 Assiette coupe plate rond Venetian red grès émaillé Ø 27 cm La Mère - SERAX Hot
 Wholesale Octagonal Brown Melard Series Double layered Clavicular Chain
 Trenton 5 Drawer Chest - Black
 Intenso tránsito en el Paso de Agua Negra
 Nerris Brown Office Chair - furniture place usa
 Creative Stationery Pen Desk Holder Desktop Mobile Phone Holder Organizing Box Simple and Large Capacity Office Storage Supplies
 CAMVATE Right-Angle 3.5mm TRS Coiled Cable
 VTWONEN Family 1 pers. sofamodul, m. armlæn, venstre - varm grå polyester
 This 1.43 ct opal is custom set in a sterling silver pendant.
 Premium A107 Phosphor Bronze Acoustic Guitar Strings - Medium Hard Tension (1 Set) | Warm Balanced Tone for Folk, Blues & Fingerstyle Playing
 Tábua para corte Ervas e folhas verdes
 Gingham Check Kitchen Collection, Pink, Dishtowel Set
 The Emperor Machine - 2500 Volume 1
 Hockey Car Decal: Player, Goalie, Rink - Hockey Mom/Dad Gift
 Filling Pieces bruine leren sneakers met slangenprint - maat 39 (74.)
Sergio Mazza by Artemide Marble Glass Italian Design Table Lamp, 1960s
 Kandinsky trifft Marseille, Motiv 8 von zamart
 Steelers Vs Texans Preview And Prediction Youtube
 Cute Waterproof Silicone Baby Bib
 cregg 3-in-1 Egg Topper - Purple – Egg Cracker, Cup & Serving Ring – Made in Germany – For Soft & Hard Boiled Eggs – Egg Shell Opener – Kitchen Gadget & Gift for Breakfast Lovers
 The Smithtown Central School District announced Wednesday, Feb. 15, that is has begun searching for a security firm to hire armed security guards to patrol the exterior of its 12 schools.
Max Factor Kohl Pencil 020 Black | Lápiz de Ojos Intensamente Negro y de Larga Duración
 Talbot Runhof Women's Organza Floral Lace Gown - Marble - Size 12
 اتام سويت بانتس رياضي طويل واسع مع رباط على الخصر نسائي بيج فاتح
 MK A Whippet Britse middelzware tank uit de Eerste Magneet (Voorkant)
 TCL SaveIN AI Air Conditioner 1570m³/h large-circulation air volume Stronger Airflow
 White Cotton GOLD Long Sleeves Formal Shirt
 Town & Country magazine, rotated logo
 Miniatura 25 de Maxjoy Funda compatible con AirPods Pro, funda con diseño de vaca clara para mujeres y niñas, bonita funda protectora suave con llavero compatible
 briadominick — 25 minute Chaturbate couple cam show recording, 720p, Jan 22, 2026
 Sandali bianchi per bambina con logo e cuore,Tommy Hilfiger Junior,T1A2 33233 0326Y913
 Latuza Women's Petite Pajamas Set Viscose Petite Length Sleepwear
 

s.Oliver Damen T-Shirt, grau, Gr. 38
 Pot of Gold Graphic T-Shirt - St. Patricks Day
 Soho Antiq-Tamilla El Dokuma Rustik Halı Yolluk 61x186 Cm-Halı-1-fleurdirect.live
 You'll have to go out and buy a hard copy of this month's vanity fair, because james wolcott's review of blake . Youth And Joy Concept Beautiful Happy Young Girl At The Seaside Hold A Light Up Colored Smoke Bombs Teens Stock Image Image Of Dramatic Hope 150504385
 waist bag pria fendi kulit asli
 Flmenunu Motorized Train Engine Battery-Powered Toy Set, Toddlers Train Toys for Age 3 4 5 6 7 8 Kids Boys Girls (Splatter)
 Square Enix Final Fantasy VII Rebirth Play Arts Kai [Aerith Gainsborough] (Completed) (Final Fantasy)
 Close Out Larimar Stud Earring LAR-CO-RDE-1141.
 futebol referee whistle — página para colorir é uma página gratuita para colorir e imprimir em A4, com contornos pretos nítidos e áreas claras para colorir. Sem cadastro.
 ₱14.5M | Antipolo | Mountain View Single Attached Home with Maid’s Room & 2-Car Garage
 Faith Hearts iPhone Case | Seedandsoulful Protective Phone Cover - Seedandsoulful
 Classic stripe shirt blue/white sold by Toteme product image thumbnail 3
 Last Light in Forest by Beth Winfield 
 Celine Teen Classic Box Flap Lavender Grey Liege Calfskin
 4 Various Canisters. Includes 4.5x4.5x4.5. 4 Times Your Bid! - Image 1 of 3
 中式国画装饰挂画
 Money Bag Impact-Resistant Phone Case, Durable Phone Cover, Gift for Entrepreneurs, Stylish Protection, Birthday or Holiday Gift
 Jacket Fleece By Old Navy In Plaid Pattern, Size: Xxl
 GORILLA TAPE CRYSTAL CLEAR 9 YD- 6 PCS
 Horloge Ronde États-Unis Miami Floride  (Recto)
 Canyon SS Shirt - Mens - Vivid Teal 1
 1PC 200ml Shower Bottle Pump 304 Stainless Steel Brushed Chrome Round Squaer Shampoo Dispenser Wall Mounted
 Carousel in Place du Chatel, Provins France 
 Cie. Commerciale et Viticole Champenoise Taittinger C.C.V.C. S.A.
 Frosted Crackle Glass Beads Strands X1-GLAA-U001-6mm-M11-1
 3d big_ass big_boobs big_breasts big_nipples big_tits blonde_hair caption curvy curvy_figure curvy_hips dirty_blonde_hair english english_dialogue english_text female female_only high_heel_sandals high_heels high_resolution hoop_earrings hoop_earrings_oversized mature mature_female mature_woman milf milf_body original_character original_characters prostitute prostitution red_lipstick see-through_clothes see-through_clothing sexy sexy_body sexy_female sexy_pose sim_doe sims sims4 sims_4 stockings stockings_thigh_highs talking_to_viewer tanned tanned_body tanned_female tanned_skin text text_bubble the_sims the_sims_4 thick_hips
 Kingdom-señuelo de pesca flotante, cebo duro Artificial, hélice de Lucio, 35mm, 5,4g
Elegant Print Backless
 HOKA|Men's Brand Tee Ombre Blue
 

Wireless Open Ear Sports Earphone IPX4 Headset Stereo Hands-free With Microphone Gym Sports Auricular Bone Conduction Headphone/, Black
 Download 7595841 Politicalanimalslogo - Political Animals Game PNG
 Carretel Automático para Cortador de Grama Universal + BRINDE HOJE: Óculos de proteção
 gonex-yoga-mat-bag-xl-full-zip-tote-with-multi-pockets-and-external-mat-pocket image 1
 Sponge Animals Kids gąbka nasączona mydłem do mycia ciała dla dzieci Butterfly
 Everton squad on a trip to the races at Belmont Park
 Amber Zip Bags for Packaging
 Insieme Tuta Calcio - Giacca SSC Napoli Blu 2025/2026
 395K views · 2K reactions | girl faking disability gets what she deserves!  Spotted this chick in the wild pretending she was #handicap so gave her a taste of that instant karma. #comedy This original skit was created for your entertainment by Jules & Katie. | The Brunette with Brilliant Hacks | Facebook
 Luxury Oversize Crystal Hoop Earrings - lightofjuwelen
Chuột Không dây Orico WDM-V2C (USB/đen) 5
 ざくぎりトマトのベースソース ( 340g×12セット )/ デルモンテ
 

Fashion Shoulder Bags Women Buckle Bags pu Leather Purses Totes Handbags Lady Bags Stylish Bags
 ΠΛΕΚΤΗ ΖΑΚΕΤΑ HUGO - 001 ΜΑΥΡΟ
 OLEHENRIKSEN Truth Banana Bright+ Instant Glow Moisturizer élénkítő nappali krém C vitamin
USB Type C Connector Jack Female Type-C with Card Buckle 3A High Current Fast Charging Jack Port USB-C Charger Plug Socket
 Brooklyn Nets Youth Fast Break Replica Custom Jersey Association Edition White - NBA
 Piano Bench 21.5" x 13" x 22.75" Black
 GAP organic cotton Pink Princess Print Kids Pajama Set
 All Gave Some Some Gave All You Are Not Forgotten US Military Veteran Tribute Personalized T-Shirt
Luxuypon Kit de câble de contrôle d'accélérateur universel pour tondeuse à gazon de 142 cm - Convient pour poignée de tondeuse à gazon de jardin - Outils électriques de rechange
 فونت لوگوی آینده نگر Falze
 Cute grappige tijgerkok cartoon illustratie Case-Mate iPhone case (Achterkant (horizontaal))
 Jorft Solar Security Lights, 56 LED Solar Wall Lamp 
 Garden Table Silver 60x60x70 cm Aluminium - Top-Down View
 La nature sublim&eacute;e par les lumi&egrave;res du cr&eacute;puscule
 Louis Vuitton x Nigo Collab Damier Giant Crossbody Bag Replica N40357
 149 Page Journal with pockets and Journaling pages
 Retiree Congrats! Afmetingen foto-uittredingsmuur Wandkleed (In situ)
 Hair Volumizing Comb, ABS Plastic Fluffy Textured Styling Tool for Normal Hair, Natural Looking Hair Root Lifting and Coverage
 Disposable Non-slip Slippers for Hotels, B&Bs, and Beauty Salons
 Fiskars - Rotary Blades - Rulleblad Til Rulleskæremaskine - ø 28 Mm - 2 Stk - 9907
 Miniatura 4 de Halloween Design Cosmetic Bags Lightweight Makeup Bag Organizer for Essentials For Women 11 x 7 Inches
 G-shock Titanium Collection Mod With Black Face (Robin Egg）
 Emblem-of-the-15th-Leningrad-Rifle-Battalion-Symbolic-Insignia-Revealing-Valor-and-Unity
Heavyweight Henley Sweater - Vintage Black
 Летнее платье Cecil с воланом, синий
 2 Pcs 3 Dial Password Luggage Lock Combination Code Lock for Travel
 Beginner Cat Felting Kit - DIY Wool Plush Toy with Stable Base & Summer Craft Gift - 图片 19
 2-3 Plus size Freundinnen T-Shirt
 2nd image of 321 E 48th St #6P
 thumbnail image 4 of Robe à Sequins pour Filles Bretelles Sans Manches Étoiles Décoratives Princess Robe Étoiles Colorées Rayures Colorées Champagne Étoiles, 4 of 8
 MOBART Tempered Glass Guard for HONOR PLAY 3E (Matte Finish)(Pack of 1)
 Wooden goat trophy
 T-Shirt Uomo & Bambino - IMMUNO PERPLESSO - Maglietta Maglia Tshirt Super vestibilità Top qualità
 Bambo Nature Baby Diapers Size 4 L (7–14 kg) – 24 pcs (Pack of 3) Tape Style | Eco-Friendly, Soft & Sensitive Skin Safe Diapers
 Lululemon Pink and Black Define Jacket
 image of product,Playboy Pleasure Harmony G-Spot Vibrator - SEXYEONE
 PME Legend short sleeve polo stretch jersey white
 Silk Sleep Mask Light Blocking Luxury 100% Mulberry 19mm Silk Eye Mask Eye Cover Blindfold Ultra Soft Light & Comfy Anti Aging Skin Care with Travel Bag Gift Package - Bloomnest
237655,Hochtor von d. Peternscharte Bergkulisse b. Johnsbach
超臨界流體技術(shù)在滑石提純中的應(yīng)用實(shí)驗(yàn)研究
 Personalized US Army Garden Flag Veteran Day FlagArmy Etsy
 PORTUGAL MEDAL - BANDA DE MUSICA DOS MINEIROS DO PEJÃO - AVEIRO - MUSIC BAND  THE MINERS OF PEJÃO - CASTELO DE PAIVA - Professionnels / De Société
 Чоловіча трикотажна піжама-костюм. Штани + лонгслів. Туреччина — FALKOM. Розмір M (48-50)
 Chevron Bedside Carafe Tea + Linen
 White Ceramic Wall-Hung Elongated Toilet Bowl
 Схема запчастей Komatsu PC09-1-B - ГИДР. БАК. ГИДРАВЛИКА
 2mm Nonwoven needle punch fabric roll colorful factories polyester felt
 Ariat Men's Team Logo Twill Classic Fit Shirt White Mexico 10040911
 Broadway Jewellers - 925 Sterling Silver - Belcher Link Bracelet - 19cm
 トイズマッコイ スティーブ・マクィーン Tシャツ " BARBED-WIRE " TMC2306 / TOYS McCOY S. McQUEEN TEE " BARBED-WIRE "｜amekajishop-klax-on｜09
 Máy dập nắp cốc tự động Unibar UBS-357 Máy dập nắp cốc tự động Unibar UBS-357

**Work instruction**
Wherever "Glass" occurs in the entries above, copy the line it sits on.

**Your solution**
Sergio Mazza by Artemide Marble Glass Italian Design Table Lamp, 1960s
 Frosted Crackle Glass Beads Strands X1-GLAA-U001-6mm-M11-1
 MOBART Tempered Glass Guard for HONOR PLAY 3E (Matte Finish)(Pack of 1)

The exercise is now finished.